Çakma gerekçelerle işgal edilişinden beri altı üstüne gelmiş olan Irak toparlanmaya çalışıyor.
Emperyalizmin kurtarıcı kisvesiyle yürüttüğü sömürüyle nasıl baş edecek orası şimdilik meçhul.
Ancak emperyalizmle mücadelede örnek politikalar takip eden Türkiye, tarihi birlikteliklerin yanı sıra 384 km’lik sınırı, insani, ticari ilişkiler ve terörle mücadele göz önünde bulundurulduğunda Irak ile ilişkilerini geliştirmek zorundadır.
Her ne kadar ABD İran ve Suudi Arabistan’ın Türkiye karşıtı nüfuz politikaları devam ediyor olsa da, hiçbiri Irak’a Türkiye kadar faydalı olacak konumda değildir.
***
Türkiye her şeyden öce milli güvenliğini tehdit eden terör örgütlerinin topraklarında konuşlanıyor olması sebebiyle Irak istese de istemese de ilişkilerini sıcak tutmak zorundadır.

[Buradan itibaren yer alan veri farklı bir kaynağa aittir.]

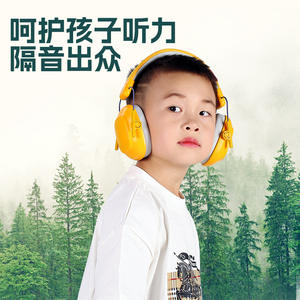 Orejeras con cancelación de ruido para niños, color rosa y amarillo, grosor de la copa de 3 mm, diadema para usar en el aeropuerto, aprendizaje de batería, estudio y sueño - Product Image 5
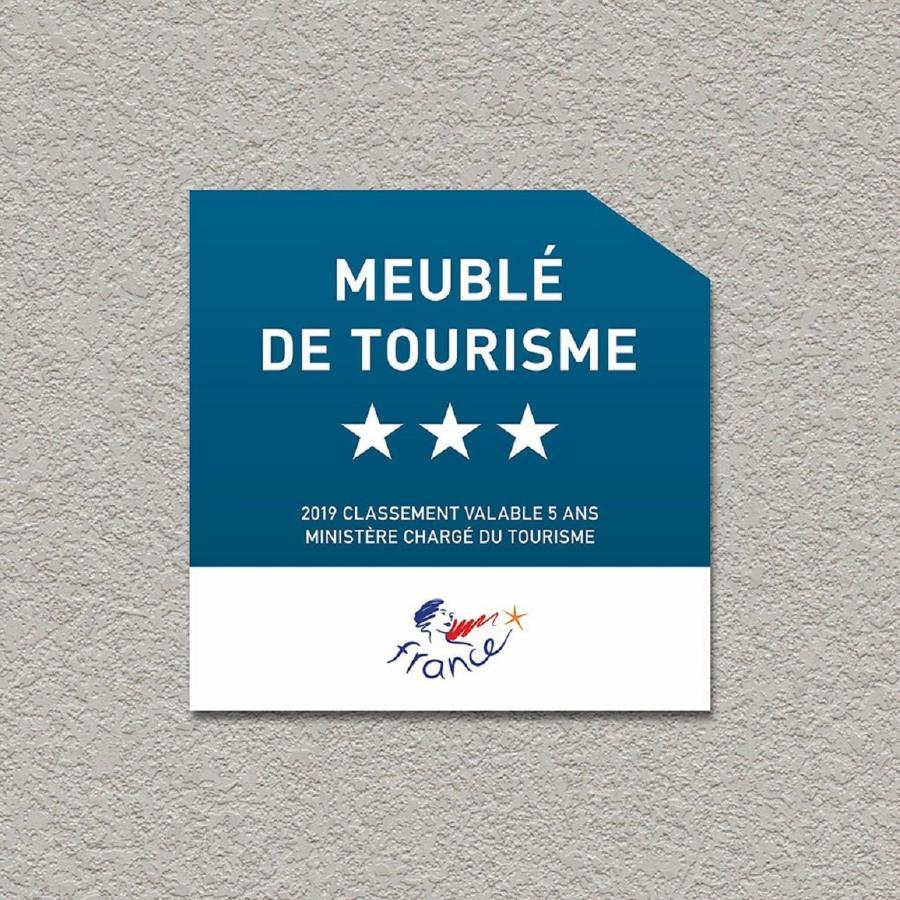Studio 3 Etoiles Lumineux Et Calme A 250 M De La Plage Мер-ле-Бен Экстерьер фото
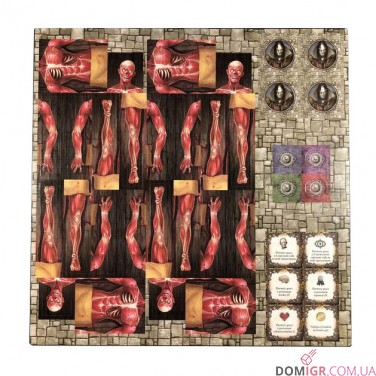 Abomination: The Heir of Frankenstein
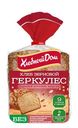 Хлеб Геркулес зерновой 250г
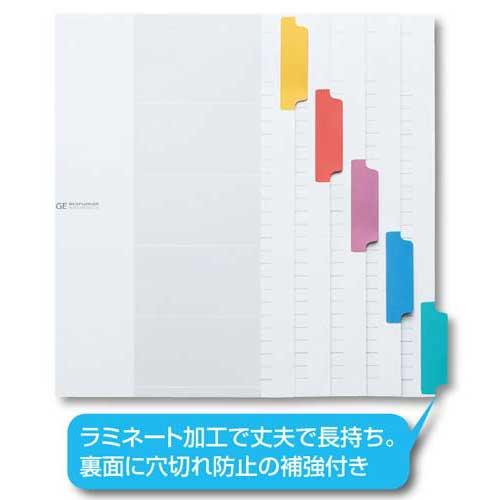 マルマン ラミネートタブインデックス A4縦 6山 10組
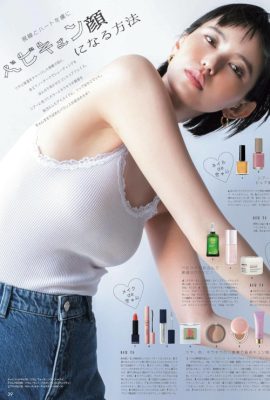 Yu Hirukawa 比留川游, aR (アール) 杂志 2023.01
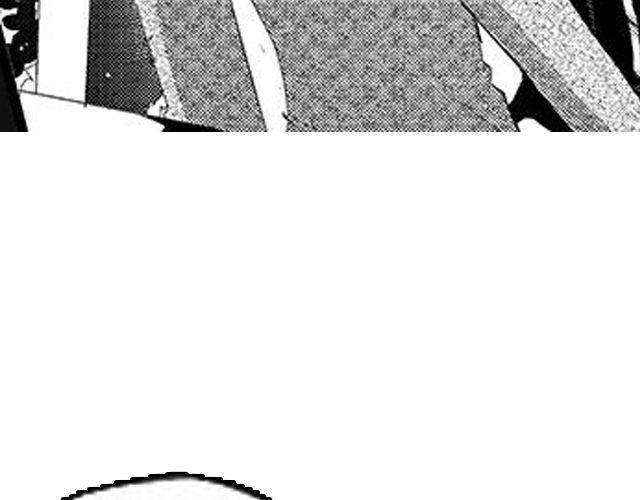 《咫尺之爱》第10话 照顾祁家小少爷！？ 第40页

İran nüfuzuna karşı Suudi Arabistan’ın Türkiye safında yer alması gerekirken işgalci ABD’yi tercih ettiği için durum biraz karışıktır.
Fakat Türk hariciyesi bu zor denklemde de isabetli adımlar atarak maharetini gösteriyor.
Irak konusunda özellikle terörle mücadele alanında hem İran’la hem ABD ile görüşmelerini aralıksız sürdürmesine rağmen ABD’nin çifte standartlı politikaları sebebiyle nihai sonuca varılamıyor.
ABD PK uzantısı YPG’yi bölgesel müttefik kabul ederek teröre doğrudan destek veren bir garip politika izliyor. Finansmanını da petrol ülkelerine yaptırarak problemi katmerleştiriyor.
***
Bütün bu zorluklara rağmen Türkiye, Irak yönetimiyle ilişkileri geliştirme istikametinde müsbet adımlar atmaktan çekinmiyor.
Türkiye bilindiği gibi terör örgütlerinin harabeye çevirdiği Irak’ın imarı için 5 milyar dolarlık bir kredi vaadinde bulunmuştu.
Irak Ticaret Bakanı, “Güvenliği sağladık, Türk şirketlerini bekliyoruz” çağrısı yapmıştı.
Geçen haftaBağdat’da 'Irak'ın Yeniden İmarı için Türkiye-Irak İnşaat Forumu' düzenlendi. Türk müteahhitler 90 milyar dolarlık önemli anlaşmalara imza attılar.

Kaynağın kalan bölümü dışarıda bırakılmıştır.